Photo: Iqbal Ahmed / Driknews
Droughts are recurrent features in Bangladesh, affecting plant growth and leading to loss of crop production, food shortage and for many people starvation. The records of incidence of drought in Bangladesh indicate that the north-western region of Bangladesh is the most drought prone. During the last 50 years, Bangladesh suffered about 20 times from droughts. The 1973 drought was one of the severest in the past century and was responsible for 1974-local famine in northern Bangladesh.

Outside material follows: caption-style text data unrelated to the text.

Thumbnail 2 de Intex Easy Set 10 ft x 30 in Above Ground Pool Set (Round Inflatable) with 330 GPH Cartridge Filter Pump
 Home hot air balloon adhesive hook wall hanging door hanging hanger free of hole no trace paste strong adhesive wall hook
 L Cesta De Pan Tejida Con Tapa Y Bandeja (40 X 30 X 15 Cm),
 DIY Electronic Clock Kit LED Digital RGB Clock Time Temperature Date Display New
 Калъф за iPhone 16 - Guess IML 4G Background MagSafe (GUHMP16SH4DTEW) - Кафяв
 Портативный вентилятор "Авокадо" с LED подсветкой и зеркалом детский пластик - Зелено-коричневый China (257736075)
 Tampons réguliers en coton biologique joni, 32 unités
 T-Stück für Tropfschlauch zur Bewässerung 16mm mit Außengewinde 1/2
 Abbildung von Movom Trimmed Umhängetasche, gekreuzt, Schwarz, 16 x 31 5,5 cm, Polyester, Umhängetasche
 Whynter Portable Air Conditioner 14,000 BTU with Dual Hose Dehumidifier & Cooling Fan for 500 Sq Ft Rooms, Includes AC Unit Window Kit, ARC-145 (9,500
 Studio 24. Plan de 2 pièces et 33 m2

The hydrological and climatic conditions of Bangladesh are characterized by too much water in the wet monsoon season and too little water in the dry months creating a drought condition. About 230 rivers flow through Bangladesh territory, of which 57 rivers are coming through India. Most of these enter the international boundary along the NW and SW regions of Bangladesh. The natural flow of these rivers is interrupted by upstream withdrawal of water for economic and household uses as well as for construction of water management structures. These structures obstruct the normal flow of water in rivers such as the Ganges (at Farakka), the Punarbhaba(just beyond Banglabandh) and the Tista rivers. These mostly divert dry season flow of the rivers, which create not only a scarcity of surface water in North-Western Bangladesh., but also tend to affect negatively the recharge of groundwater in these regions, ultimately leading to moisture loss in vast areas.